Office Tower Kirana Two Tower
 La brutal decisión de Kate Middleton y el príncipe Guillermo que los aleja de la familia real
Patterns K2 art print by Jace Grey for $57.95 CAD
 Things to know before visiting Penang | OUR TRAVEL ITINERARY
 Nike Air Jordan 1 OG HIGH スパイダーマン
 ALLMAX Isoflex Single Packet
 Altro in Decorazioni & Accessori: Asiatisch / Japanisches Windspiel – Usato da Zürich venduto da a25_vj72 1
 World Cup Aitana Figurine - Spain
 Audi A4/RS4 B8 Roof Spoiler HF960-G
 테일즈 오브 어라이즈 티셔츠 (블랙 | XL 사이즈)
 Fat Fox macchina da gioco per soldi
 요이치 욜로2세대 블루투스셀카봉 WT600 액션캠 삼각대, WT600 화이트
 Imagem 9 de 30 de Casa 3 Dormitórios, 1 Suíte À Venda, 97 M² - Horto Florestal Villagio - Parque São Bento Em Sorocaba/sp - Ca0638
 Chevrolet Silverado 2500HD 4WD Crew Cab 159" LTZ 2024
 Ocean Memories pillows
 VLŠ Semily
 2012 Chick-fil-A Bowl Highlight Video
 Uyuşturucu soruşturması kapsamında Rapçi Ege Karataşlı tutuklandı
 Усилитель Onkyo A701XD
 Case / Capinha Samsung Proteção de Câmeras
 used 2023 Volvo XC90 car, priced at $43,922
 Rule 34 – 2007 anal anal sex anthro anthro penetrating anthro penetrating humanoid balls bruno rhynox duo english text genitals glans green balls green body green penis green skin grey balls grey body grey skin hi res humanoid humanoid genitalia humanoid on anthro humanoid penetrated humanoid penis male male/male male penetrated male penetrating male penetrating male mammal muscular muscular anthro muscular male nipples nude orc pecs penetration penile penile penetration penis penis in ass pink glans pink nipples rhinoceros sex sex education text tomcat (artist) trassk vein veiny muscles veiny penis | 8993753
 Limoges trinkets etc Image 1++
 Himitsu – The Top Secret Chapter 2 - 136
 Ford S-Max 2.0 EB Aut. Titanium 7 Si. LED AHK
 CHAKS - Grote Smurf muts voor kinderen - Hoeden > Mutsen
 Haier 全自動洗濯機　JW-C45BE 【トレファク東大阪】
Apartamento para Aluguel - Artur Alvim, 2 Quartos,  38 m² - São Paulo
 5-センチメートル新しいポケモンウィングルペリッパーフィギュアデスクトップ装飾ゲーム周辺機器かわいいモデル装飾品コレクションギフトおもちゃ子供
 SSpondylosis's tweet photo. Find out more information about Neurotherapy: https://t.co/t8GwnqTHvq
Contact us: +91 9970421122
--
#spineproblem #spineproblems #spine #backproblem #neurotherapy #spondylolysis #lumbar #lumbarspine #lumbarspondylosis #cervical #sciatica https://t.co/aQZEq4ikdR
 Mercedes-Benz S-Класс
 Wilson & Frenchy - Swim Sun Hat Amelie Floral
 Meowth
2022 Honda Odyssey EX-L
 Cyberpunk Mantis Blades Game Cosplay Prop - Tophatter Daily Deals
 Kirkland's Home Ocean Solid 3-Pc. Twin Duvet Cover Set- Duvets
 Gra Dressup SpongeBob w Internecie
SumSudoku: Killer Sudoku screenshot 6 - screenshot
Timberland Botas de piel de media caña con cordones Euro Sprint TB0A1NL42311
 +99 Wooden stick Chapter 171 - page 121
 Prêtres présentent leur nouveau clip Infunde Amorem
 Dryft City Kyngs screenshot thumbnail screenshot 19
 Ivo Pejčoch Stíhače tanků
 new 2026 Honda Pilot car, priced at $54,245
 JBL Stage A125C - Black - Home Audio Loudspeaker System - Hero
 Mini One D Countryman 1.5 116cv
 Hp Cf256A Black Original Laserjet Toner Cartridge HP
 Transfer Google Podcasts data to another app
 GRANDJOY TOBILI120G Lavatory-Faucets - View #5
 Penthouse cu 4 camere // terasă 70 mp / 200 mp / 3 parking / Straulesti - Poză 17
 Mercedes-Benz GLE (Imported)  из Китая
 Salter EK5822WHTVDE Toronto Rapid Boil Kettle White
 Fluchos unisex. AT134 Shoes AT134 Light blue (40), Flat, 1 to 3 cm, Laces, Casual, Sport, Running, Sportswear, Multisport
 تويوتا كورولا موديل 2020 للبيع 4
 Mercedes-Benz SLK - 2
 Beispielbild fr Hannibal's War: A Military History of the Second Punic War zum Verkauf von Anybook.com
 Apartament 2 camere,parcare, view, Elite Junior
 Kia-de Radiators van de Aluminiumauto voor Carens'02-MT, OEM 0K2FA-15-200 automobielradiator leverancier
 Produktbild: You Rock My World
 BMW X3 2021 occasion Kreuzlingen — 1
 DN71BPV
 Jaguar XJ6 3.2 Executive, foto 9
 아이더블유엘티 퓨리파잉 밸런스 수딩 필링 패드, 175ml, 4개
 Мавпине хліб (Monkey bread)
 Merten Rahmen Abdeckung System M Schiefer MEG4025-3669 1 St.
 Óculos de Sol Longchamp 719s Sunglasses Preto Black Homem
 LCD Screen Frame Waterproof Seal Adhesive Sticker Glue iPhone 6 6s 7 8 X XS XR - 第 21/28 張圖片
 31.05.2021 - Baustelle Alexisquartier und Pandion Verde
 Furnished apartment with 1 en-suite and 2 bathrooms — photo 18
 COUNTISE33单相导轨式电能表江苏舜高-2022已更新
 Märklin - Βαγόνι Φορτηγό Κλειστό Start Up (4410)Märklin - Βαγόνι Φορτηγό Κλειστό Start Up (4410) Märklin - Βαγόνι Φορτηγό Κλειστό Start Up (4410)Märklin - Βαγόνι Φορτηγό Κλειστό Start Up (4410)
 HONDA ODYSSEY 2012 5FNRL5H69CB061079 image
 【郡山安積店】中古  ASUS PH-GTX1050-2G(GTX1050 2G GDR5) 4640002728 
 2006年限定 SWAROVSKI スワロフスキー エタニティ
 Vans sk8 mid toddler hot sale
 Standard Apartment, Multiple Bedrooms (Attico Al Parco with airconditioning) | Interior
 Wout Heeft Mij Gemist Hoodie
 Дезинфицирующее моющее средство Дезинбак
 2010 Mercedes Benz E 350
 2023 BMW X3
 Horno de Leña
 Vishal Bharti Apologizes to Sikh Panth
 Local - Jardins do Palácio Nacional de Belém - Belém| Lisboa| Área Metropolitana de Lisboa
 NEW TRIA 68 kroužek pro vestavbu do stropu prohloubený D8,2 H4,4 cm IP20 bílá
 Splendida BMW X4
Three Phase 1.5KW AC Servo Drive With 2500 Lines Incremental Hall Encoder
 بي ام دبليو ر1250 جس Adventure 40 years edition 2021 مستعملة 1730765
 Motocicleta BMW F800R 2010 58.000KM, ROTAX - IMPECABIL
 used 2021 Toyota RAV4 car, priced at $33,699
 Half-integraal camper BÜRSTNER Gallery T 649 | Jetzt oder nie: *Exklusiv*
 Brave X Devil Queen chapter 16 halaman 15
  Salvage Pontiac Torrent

(EXERCISE AIM) The full set of entries must be printed again without any alteration.

(RESULT OF THIS EXERCISE)
Office Tower Kirana Two Tower
 La brutal decisión de Kate Middleton y el príncipe Guillermo que los aleja de la familia real
Patterns K2 art print by Jace Grey for $57.95 CAD
 Things to know before visiting Penang | OUR TRAVEL ITINERARY
 Nike Air Jordan 1 OG HIGH スパイダーマン
 ALLMAX Isoflex Single Packet
 Altro in Decorazioni & Accessori: Asiatisch / Japanisches Windspiel – Usato da Zürich venduto da a25_vj72 1
 World Cup Aitana Figurine - Spain
 Audi A4/RS4 B8 Roof Spoiler HF960-G
 테일즈 오브 어라이즈 티셔츠 (블랙 | XL 사이즈)
 Fat Fox macchina da gioco per soldi
 요이치 욜로2세대 블루투스셀카봉 WT600 액션캠 삼각대, WT600 화이트
 Imagem 9 de 30 de Casa 3 Dormitórios, 1 Suíte À Venda, 97 M² - Horto Florestal Villagio - Parque São Bento Em Sorocaba/sp - Ca0638
 Chevrolet Silverado 2500HD 4WD Crew Cab 159" LTZ 2024
 Ocean Memories pillows
 VLŠ Semily
 2012 Chick-fil-A Bowl Highlight Video
 Uyuşturucu soruşturması kapsamında Rapçi Ege Karataşlı tutuklandı
 Усилитель Onkyo A701XD
 Case / Capinha Samsung Proteção de Câmeras
 used 2023 Volvo XC90 car, priced at $43,922
 Rule 34 – 2007 anal anal sex anthro anthro penetrating anthro penetrating humanoid balls bruno rhynox duo english text genitals glans green balls green body green penis green skin grey balls grey body grey skin hi res humanoid humanoid genitalia humanoid on anthro humanoid penetrated humanoid penis male male/male male penetrated male penetrating male penetrating male mammal muscular muscular anthro muscular male nipples nude orc pecs penetration penile penile penetration penis penis in ass pink glans pink nipples rhinoceros sex sex education text tomcat (artist) trassk vein veiny muscles veiny penis | 8993753
 Limoges trinkets etc Image 1++
 Himitsu – The Top Secret Chapter 2 - 136
 Ford S-Max 2.0 EB Aut. Titanium 7 Si. LED AHK
 CHAKS - Grote Smurf muts voor kinderen - Hoeden > Mutsen
 Haier 全自動洗濯機　JW-C45BE 【トレファク東大阪】
Apartamento para Aluguel - Artur Alvim, 2 Quartos,  38 m² - São Paulo
 5-センチメートル新しいポケモンウィングルペリッパーフィギュアデスクトップ装飾ゲーム周辺機器かわいいモデル装飾品コレクションギフトおもちゃ子供
 SSpondylosis's tweet photo. Find out more information about Neurotherapy: https://t.co/t8GwnqTHvq
Contact us: +91 9970421122
--
#spineproblem #spineproblems #spine #backproblem #neurotherapy #spondylolysis #lumbar #lumbarspine #lumbarspondylosis #cervical #sciatica https://t.co/aQZEq4ikdR
 Mercedes-Benz S-Класс
 Wilson & Frenchy - Swim Sun Hat Amelie Floral
 Meowth
2022 Honda Odyssey EX-L
 Cyberpunk Mantis Blades Game Cosplay Prop - Tophatter Daily Deals
 Kirkland's Home Ocean Solid 3-Pc. Twin Duvet Cover Set- Duvets
 Gra Dressup SpongeBob w Internecie
SumSudoku: Killer Sudoku screenshot 6 - screenshot
Timberland Botas de piel de media caña con cordones Euro Sprint TB0A1NL42311
 +99 Wooden stick Chapter 171 - page 121
 Prêtres présentent leur nouveau clip Infunde Amorem
 Dryft City Kyngs screenshot thumbnail screenshot 19
 Ivo Pejčoch Stíhače tanků
 new 2026 Honda Pilot car, priced at $54,245
 JBL Stage A125C - Black - Home Audio Loudspeaker System - Hero
 Mini One D Countryman 1.5 116cv
 Hp Cf256A Black Original Laserjet Toner Cartridge HP
 Transfer Google Podcasts data to another app
 GRANDJOY TOBILI120G Lavatory-Faucets - View #5
 Penthouse cu 4 camere // terasă 70 mp / 200 mp / 3 parking / Straulesti - Poză 17
 Mercedes-Benz GLE (Imported)  из Китая
 Salter EK5822WHTVDE Toronto Rapid Boil Kettle White
 Fluchos unisex. AT134 Shoes AT134 Light blue (40), Flat, 1 to 3 cm, Laces, Casual, Sport, Running, Sportswear, Multisport
 تويوتا كورولا موديل 2020 للبيع 4
 Mercedes-Benz SLK - 2
 Beispielbild fr Hannibal's War: A Military History of the Second Punic War zum Verkauf von Anybook.com
 Apartament 2 camere,parcare, view, Elite Junior
 Kia-de Radiators van de Aluminiumauto voor Carens'02-MT, OEM 0K2FA-15-200 automobielradiator leverancier
 Produktbild: You Rock My World
 BMW X3 2021 occasion Kreuzlingen — 1
 DN71BPV
 Jaguar XJ6 3.2 Executive, foto 9
 아이더블유엘티 퓨리파잉 밸런스 수딩 필링 패드, 175ml, 4개
 Мавпине хліб (Monkey bread)
 Merten Rahmen Abdeckung System M Schiefer MEG4025-3669 1 St.
 Óculos de Sol Longchamp 719s Sunglasses Preto Black Homem
 LCD Screen Frame Waterproof Seal Adhesive Sticker Glue iPhone 6 6s 7 8 X XS XR - 第 21/28 張圖片
 31.05.2021 - Baustelle Alexisquartier und Pandion Verde
 Furnished apartment with 1 en-suite and 2 bathrooms — photo 18
 COUNTISE33单相导轨式电能表江苏舜高-2022已更新
 Märklin - Βαγόνι Φορτηγό Κλειστό Start Up (4410)Märklin - Βαγόνι Φορτηγό Κλειστό Start Up (4410) Märklin - Βαγόνι Φορτηγό Κλειστό Start Up (4410)Märklin - Βαγόνι Φορτηγό Κλειστό Start Up (4410)
 HONDA ODYSSEY 2012 5FNRL5H69CB061079 image
 【郡山安積店】中古  ASUS PH-GTX1050-2G(GTX1050 2G GDR5) 4640002728 
 2006年限定 SWAROVSKI スワロフスキー エタニティ
 Vans sk8 mid toddler hot sale
 Standard Apartment, Multiple Bedrooms (Attico Al Parco with airconditioning) | Interior
 Wout Heeft Mij Gemist Hoodie
 Дезинфицирующее моющее средство Дезинбак
 2010 Mercedes Benz E 350
 2023 BMW X3
 Horno de Leña
 Vishal Bharti Apologizes to Sikh Panth
 Local - Jardins do Palácio Nacional de Belém - Belém| Lisboa| Área Metropolitana de Lisboa
 NEW TRIA 68 kroužek pro vestavbu do stropu prohloubený D8,2 H4,4 cm IP20 bílá
 Splendida BMW X4
Three Phase 1.5KW AC Servo Drive With 2500 Lines Incremental Hall Encoder
 بي ام دبليو ر1250 جس Adventure 40 years edition 2021 مستعملة 1730765
 Motocicleta BMW F800R 2010 58.000KM, ROTAX - IMPECABIL
 used 2021 Toyota RAV4 car, priced at $33,699
 Half-integraal camper BÜRSTNER Gallery T 649 | Jetzt oder nie: *Exklusiv*
 Brave X Devil Queen chapter 16 halaman 15
  Salvage Pontiac Torrent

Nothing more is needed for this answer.